The torrent was, until recently, the East-West Road in Nigeria's Rivers state, the gateway to the nation's oil and gas.
Now parts of Rivers, along with large swathes of 32 other states, are inundated by the worst flooding in 12 years.
"We cannot access Ahoada West anymore," local government chairman Hope Ikiriko said of the area he represents. He said 30 boats were helping to move people to camps built to accommodate the area's 150,000 displaced.
"We are going to rescue people who hitherto never wanted to quit," he added.
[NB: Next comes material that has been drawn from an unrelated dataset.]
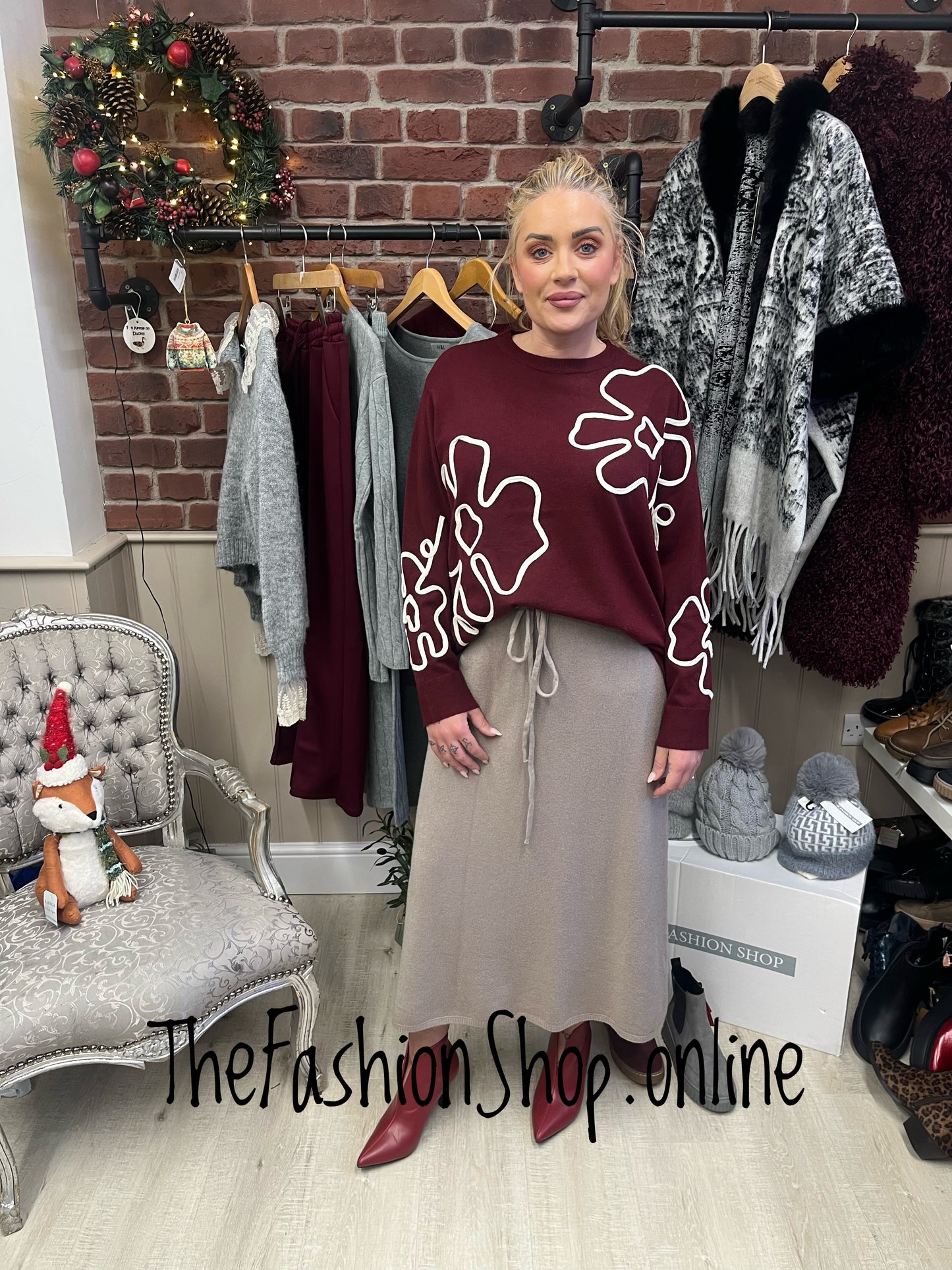 Daphne wine flower jumper 10-18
Nigerian authorities said Rivers, Anambra, Delta, Cross River and Bayelsa states remain at risk of flooding until the end of November.
The flooding has killed more than 600 people, displaced around 1.4 million and damaged or destroyed 440,000 hectares of farmland. Health officials warn it could worsen an ongoing cholera outbreak, and even natural gas exports are at risk.
Authorities blame heavy rains and a water release from the Lagdo dam in Cameroon. Experts say global warming, and poor planning, worsened the disaster.
"Climate change is playing a big role in this," said Hiba Baroud, associate professor of civil and environmental engineering at Vanderbilt University. "But the other component is...the vulnerability of the infrastructure. This is how we end up in a disaster like this one."
The 2021 Notre Dame Global Adaptation Index ranked Nigeria among the bottom 20 nations in its readiness to adapt to climate change.
Baroud said a Nigerian dam meant to backstop Cameroon's Lagdo was planned, but never completed. A lack of zoning allows houses in flood zones and poor irrigation places farmers at the edge of rivers that can inundate their fields.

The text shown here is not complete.